La maestosa “Aquila” in marmo di Candoglia, probabilmente eseguita da uno scultore lombardo agli inizi del Quattrocento, proviene dall’interno del Duomo, nello specifico dal vertice del finestrone centrale dell’abside. Rimossa da qui in seguito ai danni causati dai bombardamenti della Seconda guerra mondiale, l’opera è oggi esposta in Museo all’interno della sala dedicata all’epoca viscontea (n. 4).
La scultura rappresenta appunto un’aquila con le ali aperte e gli occhi spalancati, priva di tutta la parte anteriore del corpo e degli artigli.
Caratterizzata da dettagli decorativi nelle parti anatomiche e nel piumaggio, su quest’ultimo la scultura mostra resti di doratura, mentre il becco aperto lascia intravedere tracce di colore rosato.
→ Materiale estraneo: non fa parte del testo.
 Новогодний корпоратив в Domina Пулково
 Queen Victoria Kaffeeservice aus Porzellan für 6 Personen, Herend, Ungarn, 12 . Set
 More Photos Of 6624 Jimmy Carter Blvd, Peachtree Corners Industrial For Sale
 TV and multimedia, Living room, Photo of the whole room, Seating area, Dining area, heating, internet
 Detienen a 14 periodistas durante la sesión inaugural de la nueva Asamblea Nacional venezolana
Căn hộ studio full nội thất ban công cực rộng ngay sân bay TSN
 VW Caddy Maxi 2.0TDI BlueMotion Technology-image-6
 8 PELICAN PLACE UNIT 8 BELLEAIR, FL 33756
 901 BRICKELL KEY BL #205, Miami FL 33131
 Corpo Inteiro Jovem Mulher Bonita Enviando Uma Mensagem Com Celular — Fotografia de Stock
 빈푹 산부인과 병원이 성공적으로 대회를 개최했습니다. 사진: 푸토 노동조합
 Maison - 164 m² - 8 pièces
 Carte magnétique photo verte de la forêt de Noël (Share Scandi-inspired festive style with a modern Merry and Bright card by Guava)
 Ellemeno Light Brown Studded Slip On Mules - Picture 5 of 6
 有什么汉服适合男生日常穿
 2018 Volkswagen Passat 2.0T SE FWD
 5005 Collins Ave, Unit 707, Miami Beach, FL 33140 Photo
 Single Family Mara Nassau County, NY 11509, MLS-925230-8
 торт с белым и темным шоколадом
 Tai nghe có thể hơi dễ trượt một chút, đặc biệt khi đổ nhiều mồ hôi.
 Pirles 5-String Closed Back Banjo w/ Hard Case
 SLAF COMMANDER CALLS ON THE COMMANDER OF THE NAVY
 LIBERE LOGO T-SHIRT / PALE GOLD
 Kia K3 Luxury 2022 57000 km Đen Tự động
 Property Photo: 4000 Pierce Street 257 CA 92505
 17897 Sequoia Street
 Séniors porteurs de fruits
Corrispondente a una statua di stesso soggetto, situata in origine all’esterno dello stesso finestrone e oggi anch’essa in Museo, l’aquila svettava sotto il tondo con “Dio Padre”, traducendo nell’emblema imperiale la colomba dello Spirito Santo: similmente, il “Sole di giustizia” nel rosone assume la forma della “raza”, emblema araldico della famiglia Visconti, in una sovrapposizione di simboli religiosi e signorili.
Dal punto di vista stilistico, nonostante le molte lacune, l’aquila conserva ancora una solenne imponenza araldica, una forte impronta plastica e un’intensa connotazione realistica, soprattutto nel muso: particolarità che attestano la rilevanza e lo splendore originari dell’opera.